# front panel audio mod



## philheckler (Apr 14, 2005)

Hi All,

I want to add a front panel headphone/mic to my I-CUTE case - does anyone know where I can get the cable kit to mod my case with the jacks on the front ? - here's my case if anyone's interested... 

http://www.ebuyer.com/customer/prod...2hvd19wcm9kdWN0X292ZXJ2aWV3&product_uid=59321

I'm in the UK so a uk source would be appreciated


Thanks

Phil. :4-dontkno


----------



## jimscreechy (Jan 7, 2005)

That is a nice case.
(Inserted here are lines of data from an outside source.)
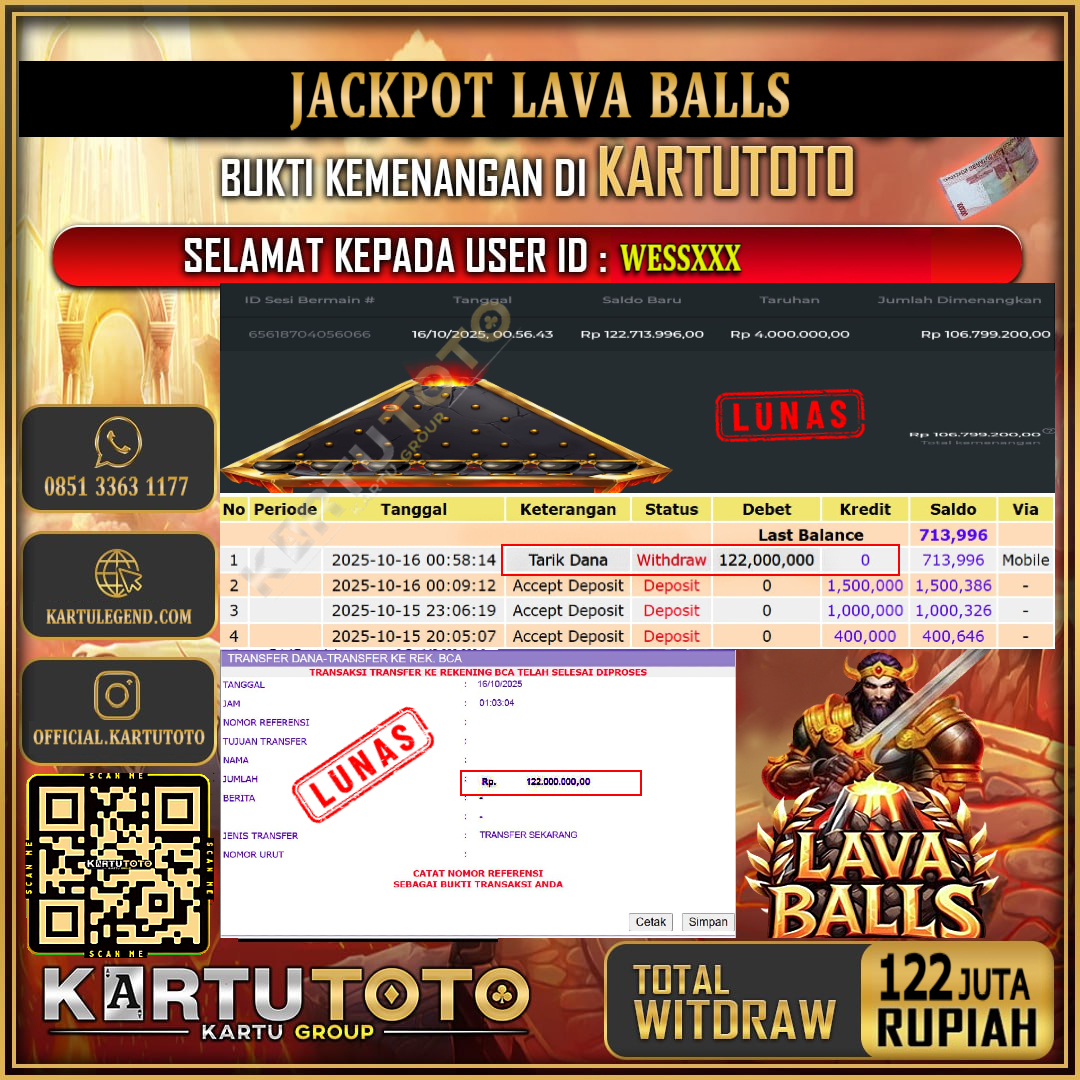 KARTUTOTO JACKPOT SLOT LAVA BALLS Rp.122.000.000,- LUNAS USER ID : WESS***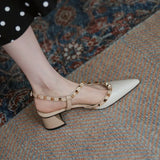 Zi Yan- -Pointed Rivet Thick Heel Sandals Women 2025 New Summer Baotou Shallow High Heels Women's Spring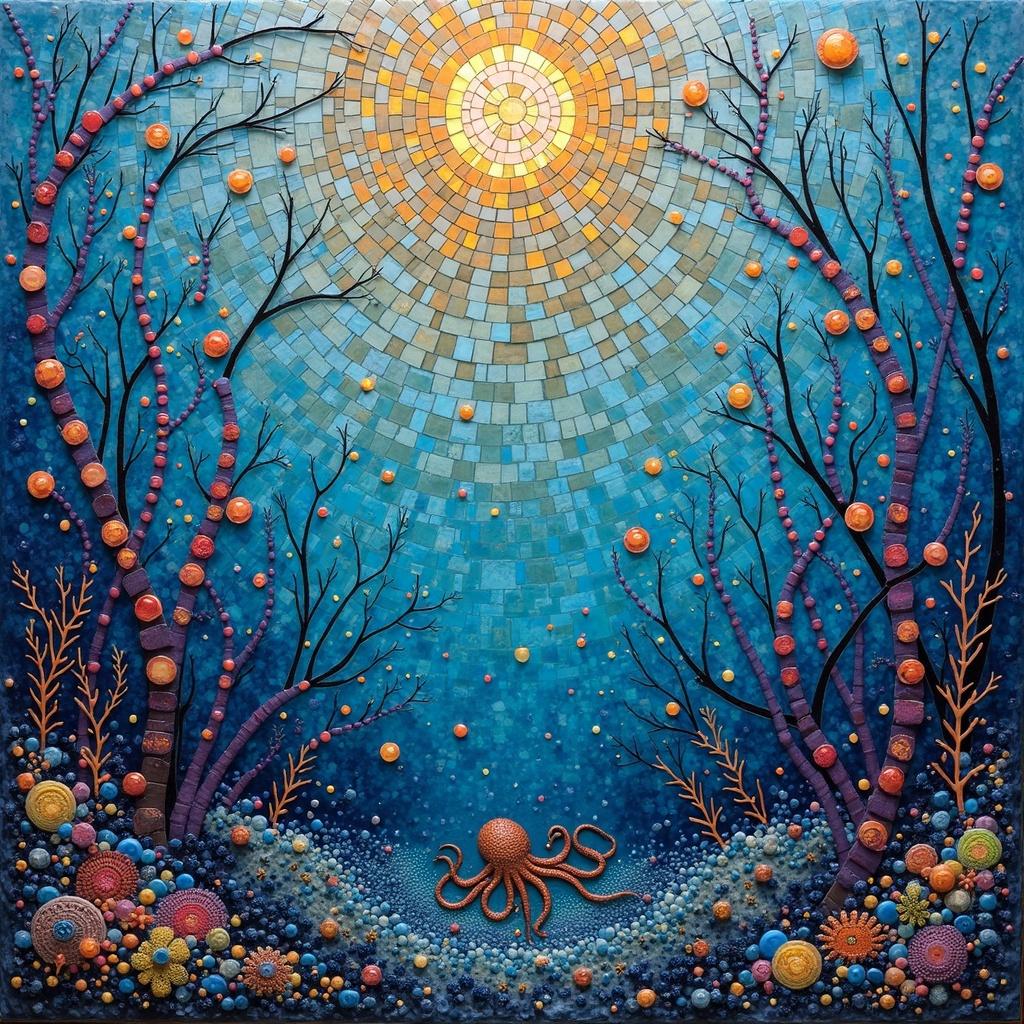3D iridescent ceramic tile and glass mosaic of a surreal underwater landscape. Features a small octopus among vibrant abstract elements. Ethereal and colorful with dark tones.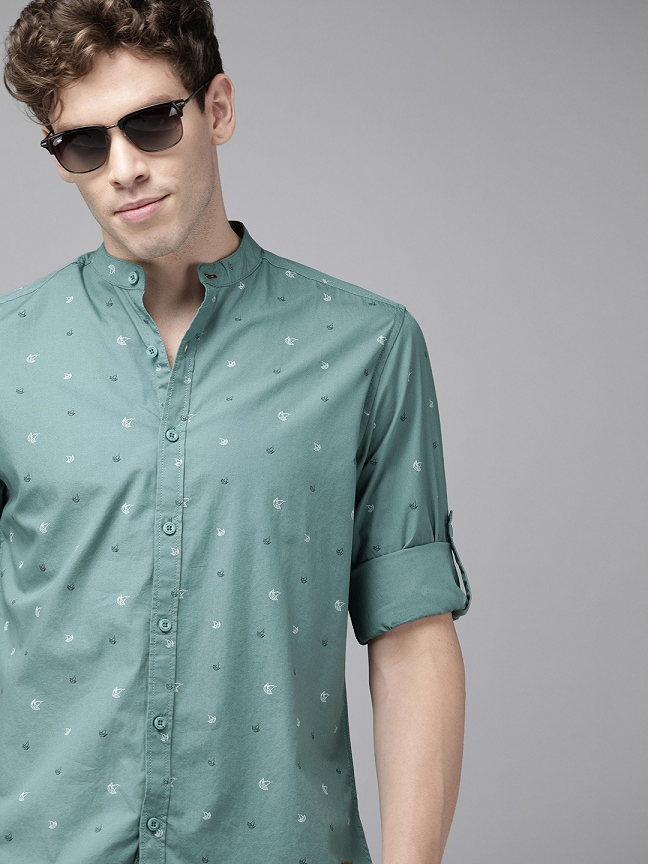 Men Green Regular Fit Printed Casual Shirt – Amy's Cart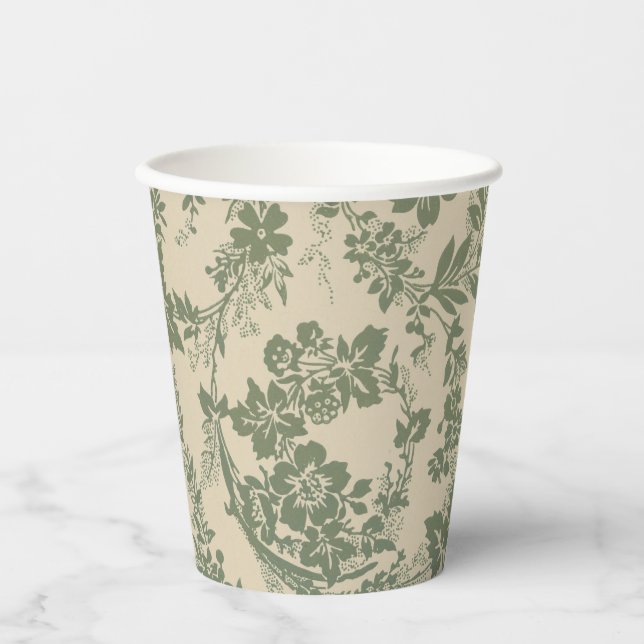 Vintage, lebendiges, grünes Blumenmuster Pappbecher (Vorderseite)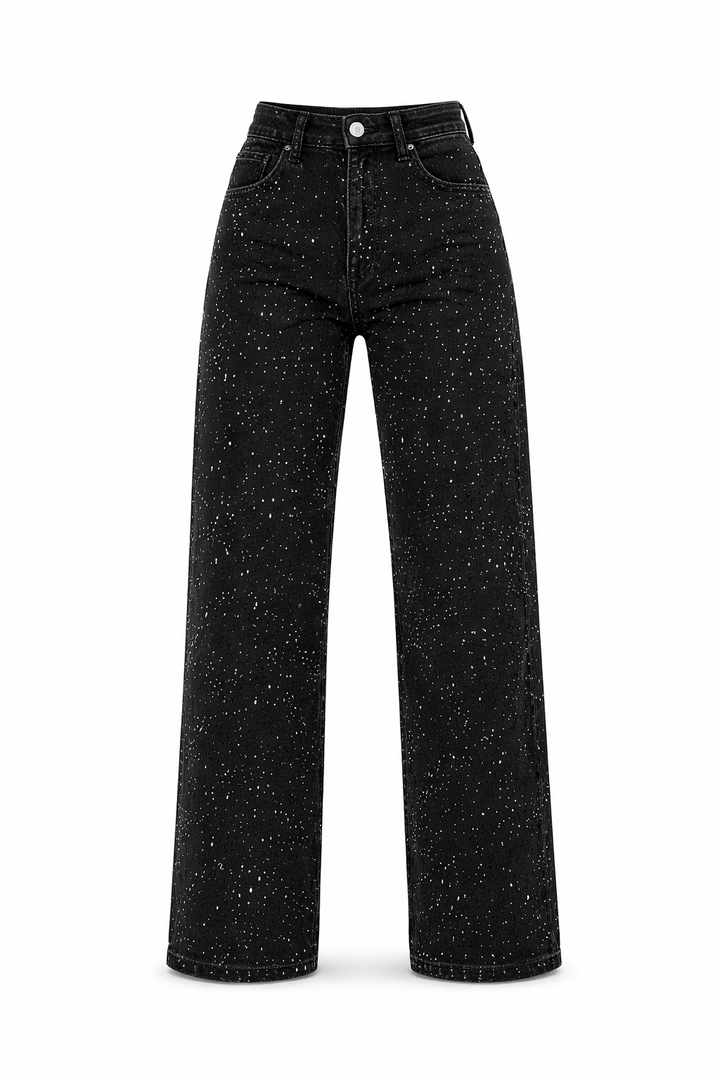 Trendige Damen High Waist Jeans mit geradem Bein, Glitzer & coolem Vintage Finish. Bequeme Damenmode Hose.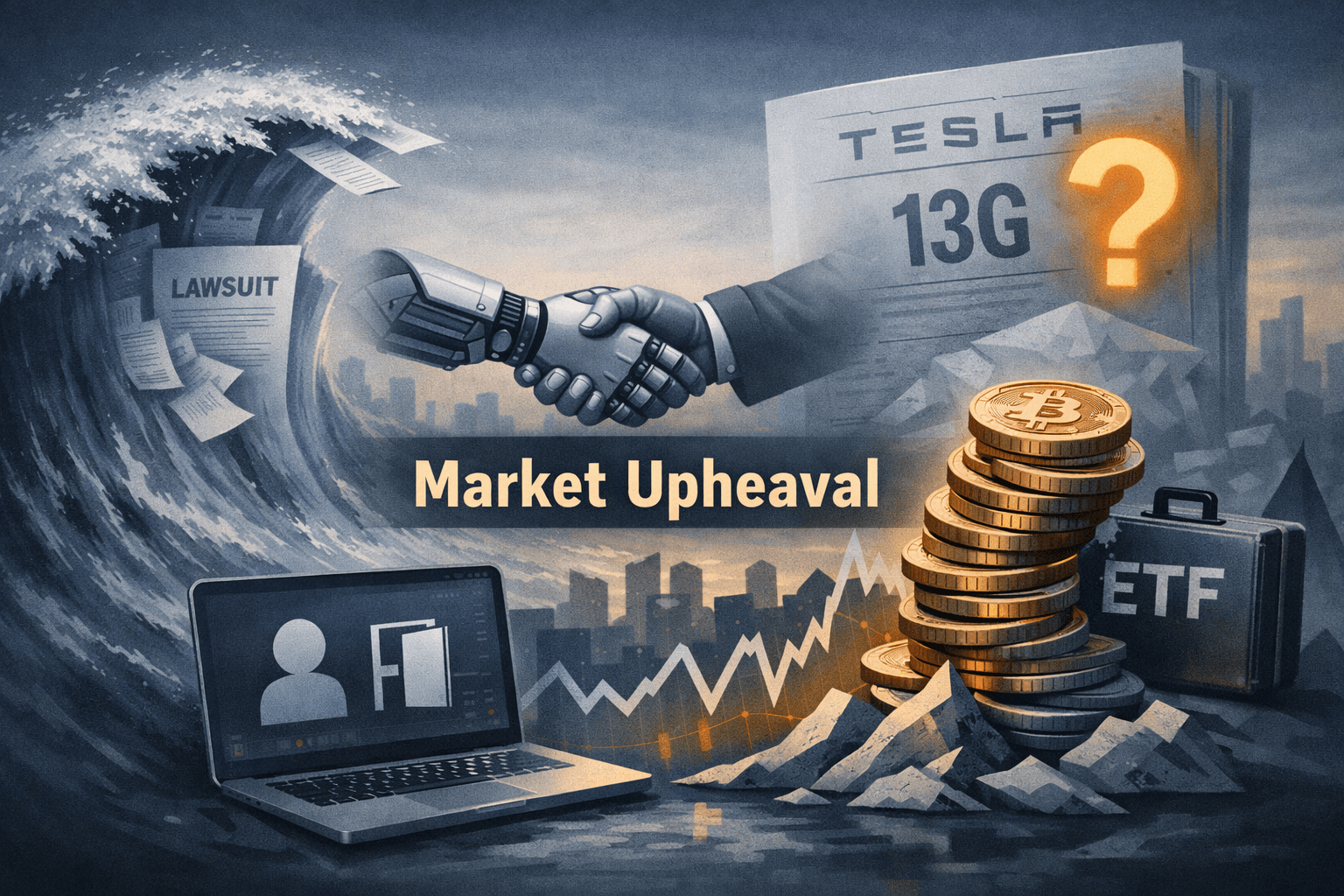 Legal Waves, AI Partnerships and Crypto Volatility Dominate — META Exit and a Mysterious Tesla 13G Lead Today's Flow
Try this site, they specialise in all types of front panel accesories and connectors.

http://www.frontx.com/


----------



## jimscreechy (Jan 7, 2005)

If your UK this is a really nice one, and maplin have stores nationwide so you probably have a local store.

http://www.maplin.co.uk/module.aspx?ModuleNo=34113&doy=8m7


----------



## philheckler (Apr 14, 2005)

this is what I settled for in the end...

http://www.silverstonetek.com/products-fp31.htm

siverstone fp31 - liked it because it came in black which suited my i-cute case... I've had to mod it a bit to get it to sit flush with the front panel of my case but it seems to do th job just fine...

Phil


----------